Golf is an individual sport, but the Mizzou women’s team fosters a sense of community with regular meetings during which members don’t talk just about technique, but also about life itself. Meek was quiet in those early meetings — she spent the time instead repeatedly reviewing shots she had made. She judged her days solely on the numbers she recorded on the course and considered it a good day only if she had a good round.

Through many hours of work and team conviviality, Meek finished her freshman season with the record freshman stroke average of 76. She posted impressive numbers every season, but had her best season of all during her junior year. She now felt more comfortable in America and had found confidence on the golf course. During the Tigers’ Johnie Imes Invitational home tournament, her most memorable yet, everything went right. She stayed under par, but most of all, she had fun. She quit counting her score at each hole and stayed present to enjoy the game. But as she walked the final three holes with Coach Coop, her arms feeling like jelly, Meek wondered whether she could keep up the extraordinary pace she had set for herself. On the 16th hole, she drove the ball 112 yards over a large pond, landing about 15 feet from the pin. She placed first, won her first collegiate tournament and set a 54-hole program record by 
shooting 15 under par.

“It took me awhile to realize just how difficult golf is,” Meek says. “I thought it was supposed to be the stress reliever, the place where I go out and leave it all on the fairway. I taught myself to be in the moment with that shot, hit it, then think about the next shot. And not get too ahead of myself.”

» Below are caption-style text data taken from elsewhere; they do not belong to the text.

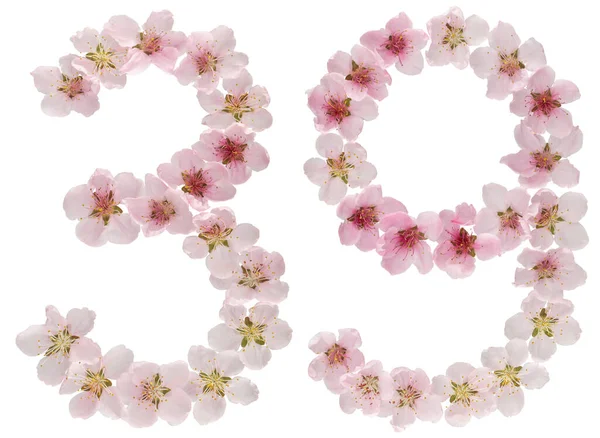Numeral Thirty Nine Natural Pink Flowers Peach Tree Isolated White — Stock Photo, Image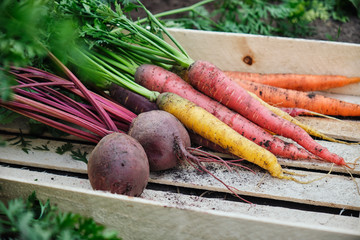 Carrots and beets in a wooden box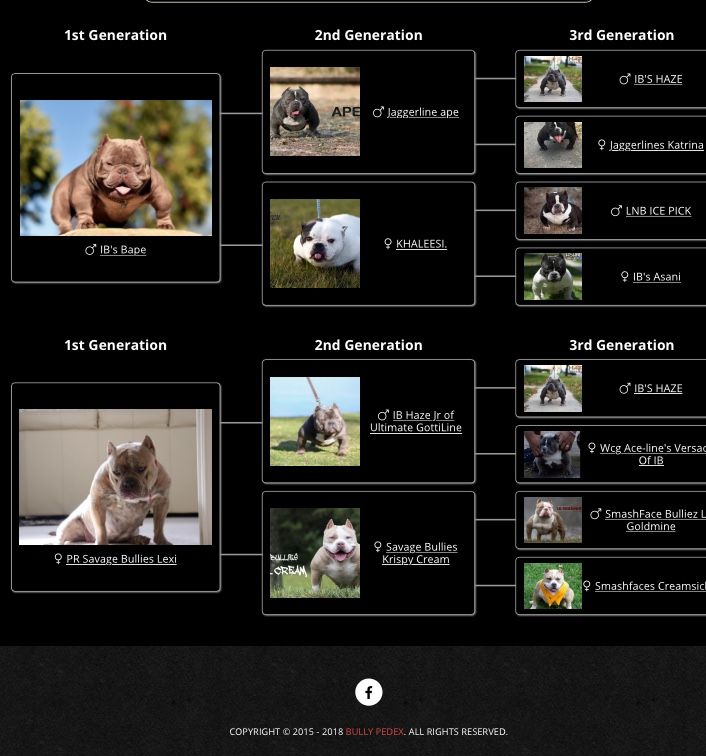 American Bully Puppies For Sale Dover, DE 289072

Golf is a game with the smallest margins and misses, so Meek, with dyslexia, must still pay careful attention to the details. She often flubs numbers, so she relies on coaches and teammates to help 
call her out.

“I was recently playing with a teammate and read that it was 135 to the pin. But it said 153. It’s stressful sometimes, especially in the middle of the semester, when classes and the season are in full swing and I can’t make sense of my notes,” she says.

But Ryan King, her academic counselor, has always been impressed by Meek’s work ethic and determination, especially in a major like sports management, which he says isn’t easy. But most of all, he’s encouraged by how much she’s 
grown as a leader.

“She came to me pretty quiet and nervous about being able to keep up,” King says. “I’m so impressed by how vocal she is now, and how she encourages the other members of her team to go to study sessions and keep up with their work.”

Because Meek has struggled in the classroom, she’s developed a work ethic that directly translates to the effort she puts in on the golf course. It helps her relate to her teammates — everyone struggles in different ways. As the only senior on the team, Meek has become a role model for the younger members, setting the tone for practices 
and tournaments.

“When you’re a freshman or sophomore, you think you’re the only one experiencing the low points of college golf,” she says. “But the people who have come before you have been in the same spot. I try to highlight the good things everyone does, because a compliment can change someone’s day.”

At the end of the day, as Meek has learned, it’s not about the score, but about being a good person. She credits Coach Coop for helping her learn how to be a “good human.” This year, Meek has learned to embrace those ‘off days’ — that they happen to everyone and hardly define a golf career, a lesson she’ll need as she prepares to go pro.

As Coach Coop reminds her, it can take years for athletes to play at the professional level, but after her graduation in May, Meek has decided to head to Qualifying School (or “q school”)  to qualify for the LPGA. “I know it’s not going to be easy,” she says. “I’ve thought about every possible scenario. But I’ve loved playing in the U.S., and would love to continue my career here.”

She knows good things can happen when you take a big swing.